ABSTRACT

Historically, suicide was a sacrilege, and suicides were staked through their hearts and buried at crossroads. “Self-murder,” as the Victorians called it, meant shameful burial, loss of property to the Crown, and stigmatization of surviving family. Nonetheless, representations of suicide fascinated a Victorian public and sold copy. Spectacle, celebrity status, shame, temporary insanity, and condemnation are elements of early-to-mid-nineteenth-century suicides in newspapers, broadsides, illustrated fiction, and drama, making suicide the stuff of “scandal” as the OED defines it. This chapter looks at representations of suicide from Victorian life and art that spawned subsequent portrayals that gave more attention to this dark form of entertainment.

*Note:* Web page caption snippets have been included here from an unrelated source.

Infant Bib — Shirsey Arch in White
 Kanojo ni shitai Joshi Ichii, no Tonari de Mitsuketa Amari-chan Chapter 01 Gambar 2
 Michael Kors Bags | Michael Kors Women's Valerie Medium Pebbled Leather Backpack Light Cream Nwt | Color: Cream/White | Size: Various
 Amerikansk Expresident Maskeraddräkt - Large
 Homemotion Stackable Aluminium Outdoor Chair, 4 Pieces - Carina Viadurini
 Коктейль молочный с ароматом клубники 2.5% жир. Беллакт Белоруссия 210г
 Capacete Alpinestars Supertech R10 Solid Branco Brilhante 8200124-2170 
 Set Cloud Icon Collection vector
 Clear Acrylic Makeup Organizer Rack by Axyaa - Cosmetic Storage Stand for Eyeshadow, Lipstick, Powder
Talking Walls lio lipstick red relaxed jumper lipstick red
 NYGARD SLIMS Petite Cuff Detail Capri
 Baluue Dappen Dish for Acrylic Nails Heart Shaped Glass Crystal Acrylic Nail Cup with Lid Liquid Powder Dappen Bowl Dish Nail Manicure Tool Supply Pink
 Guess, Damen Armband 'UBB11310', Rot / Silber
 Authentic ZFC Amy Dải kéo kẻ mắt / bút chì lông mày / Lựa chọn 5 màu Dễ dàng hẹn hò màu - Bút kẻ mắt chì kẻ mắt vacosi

Examples include the split-throat of Viscount Castlereagh, Leader of the House of Commons, which Cruikshank caricatured, and Byron put into verse; the forlorn daughter in Cruikshank’s series The Drunkard’s Children, whose fateful plunge was quickly reenacted on the London stage; and the self-inflicted gunshot of Seymour, Dickens’s Pickwick illustrator, whose death became subject for scandal. At the fin de siècle, the scandalous edge of suicide dulled and evoked compassion in the suicide of social reformer Eleanor Marx whose self-poisoning recalls Emma Bovary’s in Flaubert’s Madame Bovary —a novel Marx translated.